Keywords: depression, physical illness, adolescence, factor analysis, Crohn’s disease, ulcerative colitis
Introduction
Crohn’s disease (CD) and ulcerative colitis (UC) are the major types of pediatric inflammatory bowel disease (IBD), which is characterized by recurrent episodes of acute abdominal pain, bloody diarrhea, and is associated with the damage of intestinal tissue [1]. In addition to these physical symptoms, youth with IBD have higher rates of depressive symptoms compared to healthy controls and youth with other physical illnesses [2, 3, 4, 5, 6].

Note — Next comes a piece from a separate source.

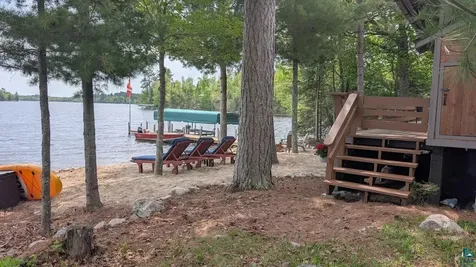 8119 Muskego Point Cook MN 55732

Literature examining the adjustment of youth with chronic medical conditions has suggested that emotional difficulties often arise as a psychological reaction to the diagnosis of their illnesses and related psychosocial stressors [5]. Illness-related attitudes (i.e., low contingency related to control over the disease) have been shown to negatively impact coping style and psychological adjustment in pediatric chronic illnesses, and may be related to the presence of sickness behaviors that align with the anhedonic and vegetative symptoms of depression (Weisz, McCabe, Dennig, 1994; Band & Weisz, 1990), However, there are likely multiple, overlapping pathways involved in predisposing patients with IBD to depressive symptoms, thus symptoms that manifest are difficult to differentiate. Recent work has begun to suggest that the direct physiological effects of IBD may also be contributing to the presence and severity of depressive symptoms reported by this population and may be secondary to IBD-related disturbances in immune processes or treatment with steroids [6]. More specifically, cytokines, inflammatory proteins released by white blood cells in the gastrointestinal tract during IBD-related inflammation, have been positively associated with sickness behaviors (e.g., fatigue, disinterest in activities, malaise, hypersomnia, hypersensitivity to pain) in animals and humans [7, 8]. Such sickness behaviors closely mirror symptoms of depression and often reflect non-gastrointestinal specific somatic complaints that are common secondary symptoms of IBD. Steroid-induced depression, which includes a number of the above symptoms in addition to irritability, has been reported in a number of physically ill populations [9], including youths with IBD [10].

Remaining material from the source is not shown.